### EXERCISE DESCRIPTION
Write out exactly the lines below starting at the one containing "باربند مخصوص دو دوچرخه، ساریس" and ending at the one containing "Hiệp Khách Giang Hồ Chapter 591 - 20". Omit every picture.

### DATA UNDER STUDY
□ □ □ □ □

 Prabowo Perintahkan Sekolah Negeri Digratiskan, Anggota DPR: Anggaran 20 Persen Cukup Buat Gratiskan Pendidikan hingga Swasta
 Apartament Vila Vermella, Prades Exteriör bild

□ □ □ □ □

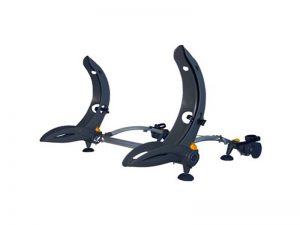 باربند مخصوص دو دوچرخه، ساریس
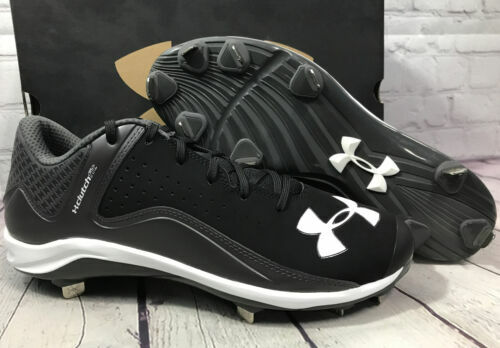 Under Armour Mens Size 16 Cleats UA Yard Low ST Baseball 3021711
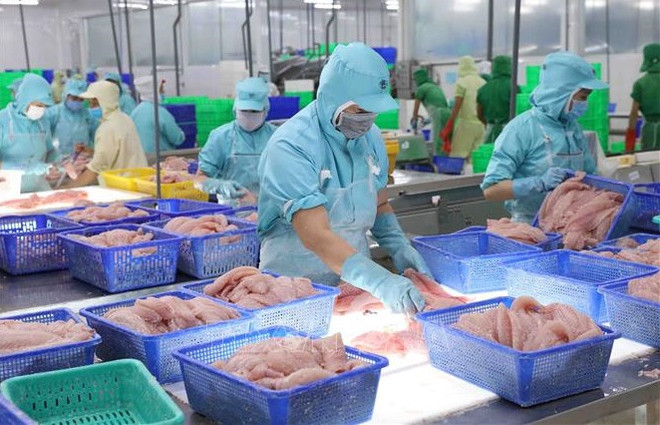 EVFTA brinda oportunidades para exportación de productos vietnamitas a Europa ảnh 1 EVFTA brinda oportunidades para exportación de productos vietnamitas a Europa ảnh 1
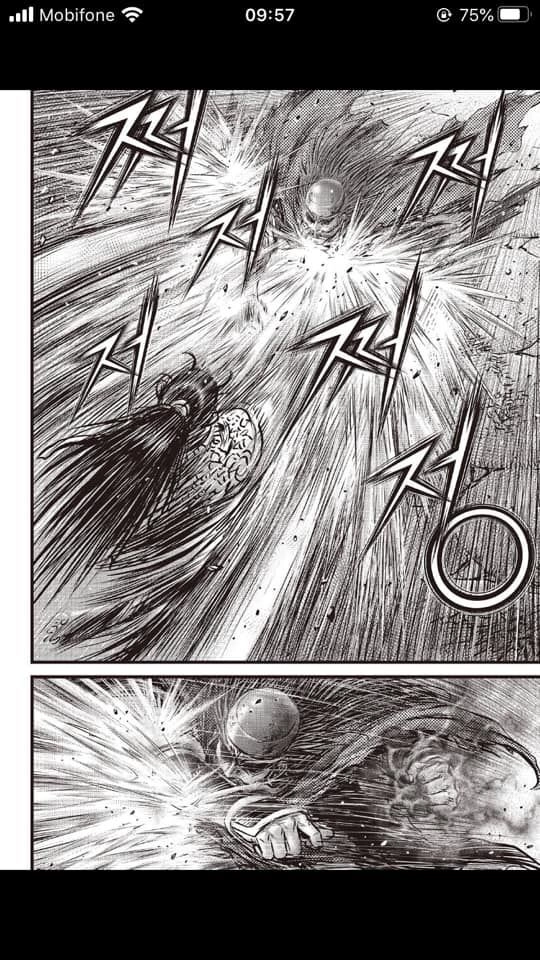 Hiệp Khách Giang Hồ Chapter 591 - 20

□ □ □ □ □

### ANSWER FOR THIS EXERCISE
 باربند مخصوص دو دوچرخه، ساریس
 Under Armour Mens Size 16 Cleats UA Yard Low ST Baseball 3021711
 EVFTA brinda oportunidades para exportación de productos vietnamitas a Europa ảnh 1 EVFTA brinda oportunidades para exportación de productos vietnamitas a Europa ảnh 1
 Hiệp Khách Giang Hồ Chapter 591 - 20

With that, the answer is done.